Here it's already covered with Great Stuff and carved. Also shown is the full glass front for better viewing . I used magnets to secure the door when closed.


----------



## JonRich (Oct 19, 2012)

Started the mosaic of cork and drilled the drain bulkhead. Couldn't find my 2" diamond bit, so i improvised and drilled a few 16mm holes. It will do. Not pretty, but the fan will be covering it.


----------



## JonRich (Oct 19, 2012)

Made some fake tank corners out of cardboard for the class to practice making the fan-tube, spray foam, and i made a few models for them to carve. Worked out great.


----------



## JonRich (Oct 19, 2012)

Finished the cork mosaic and the in between sections where great stuff were showing were shaved/carved down, siliconed and covered in a mix of shredded cork bark and eco-earth mix. The goal was to make everything look like one piece. Came out good enough. Going forward, i'd like to just use a complete corktube. This way i can do away with the plastic tunnel, foaming and carving. I was doing all of this while sick and running a 101* fever (still sick as i'm typing this on my lunch break, while swinging in a damn hammock making me motion sick. #JesusTakeTheWheel

Drilled for misting nozzle and sealed the bottom of the tube and started the drainage layer , only to run out of hydroton. I had some left over from another project and blindly ASSumed i had enough. WRONG!!


----------



## JonRich (Oct 19, 2012)

Andddddd here we are at the present state of the tank. Last night i did a rough test fit of some plants to get an idea of placement and future growth. The plants were all pulled out because the next class in the workshop is drainage, substrate, substrate barrier and planting. So far , so good.

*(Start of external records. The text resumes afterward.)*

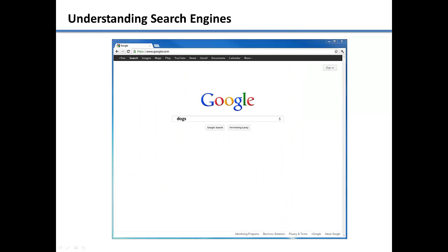When you enter a search term in a search box, the search engine looks through the database for matching terms. When it finds them, it displays a list of the web pages that best match the terms you are looking for.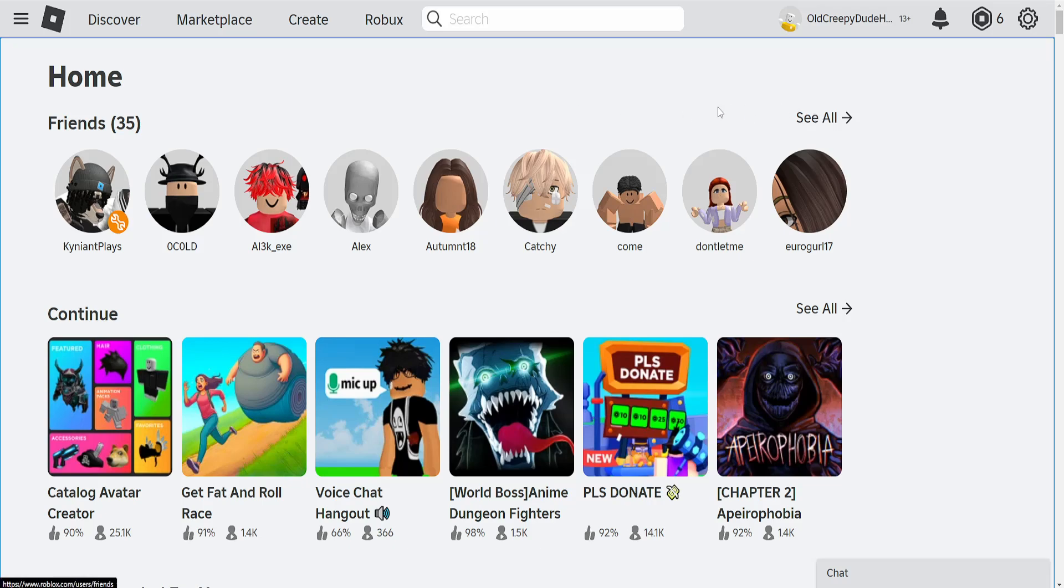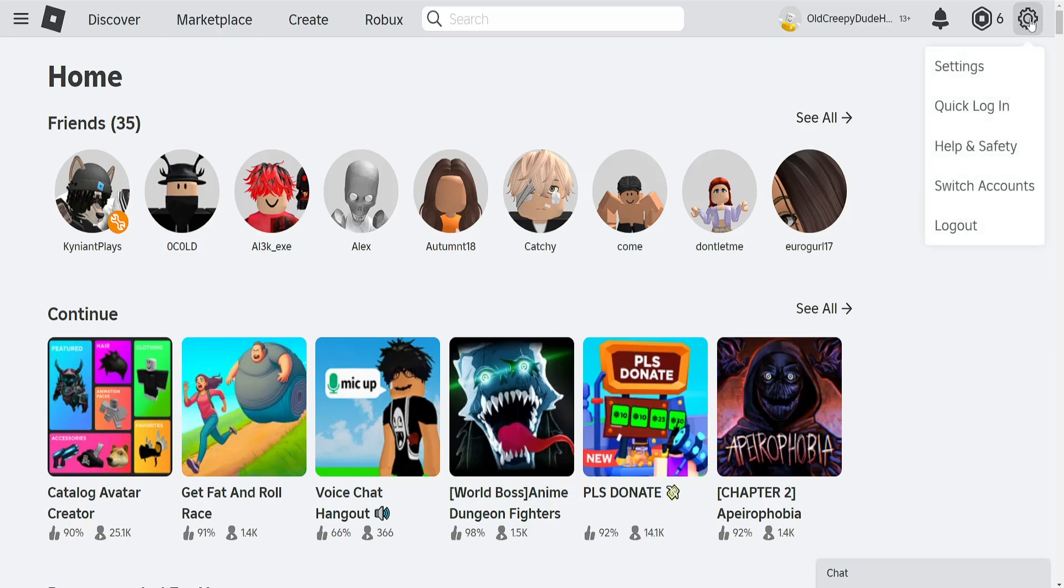How to add a payment method on Roblox. I've just logged into my Roblox account and what we want to do is click on the gear icon in the top right corner, then go to settings.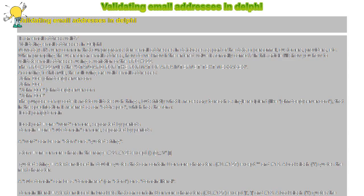Validating email addresses in Delphi. Is an email address valid? Nowadays it's very common that our programs store email addresses in databases as part of the data of personnel, customers, providers, etc. When prompting the user for an email address, how do we know if the entered value is formally correct?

PS: I initially catered for about 10-15 attendees to the workshop. WRONG!!! I had to place a cap at 60!! . I has a RSVP/Sign-up list of over 80 interested. What can i say, people love frogs!


----------



## JonRich (Oct 19, 2012)

The tank was proposed to be raffled off with a leucs or 2. After seeing how it's turning out , it might be better suited for a pair of thumbnails or small pumilio. 

You thoughts?

I'll have a test tonight of the fan tube's efficiency. I'll fog the tank on purpose and see how well it clears the glass. This will determine the fan setting/s. low and constant , or on/off throughout the day. 

Clifnote: This tank will have two 12" Finnix 7000k LED bars. Same type of lights i have on the 18x18x24 Exo (pictured below). Growth has not been an issue while i've used them the past 8 months. 
http://www.amazon.com/Finnex-FugeRay-Planted-Aquarium-Moonlights/dp/B00GH9HRZ4/ref=sr_1_fkmr0_1?ie=UTF8&qid=1444070768&sr=8-1-fkmr0&keywords=finnex+12%22+led+6700k

Little more that daylight, but the fixture fits well on the tank and low profile (without the stands). 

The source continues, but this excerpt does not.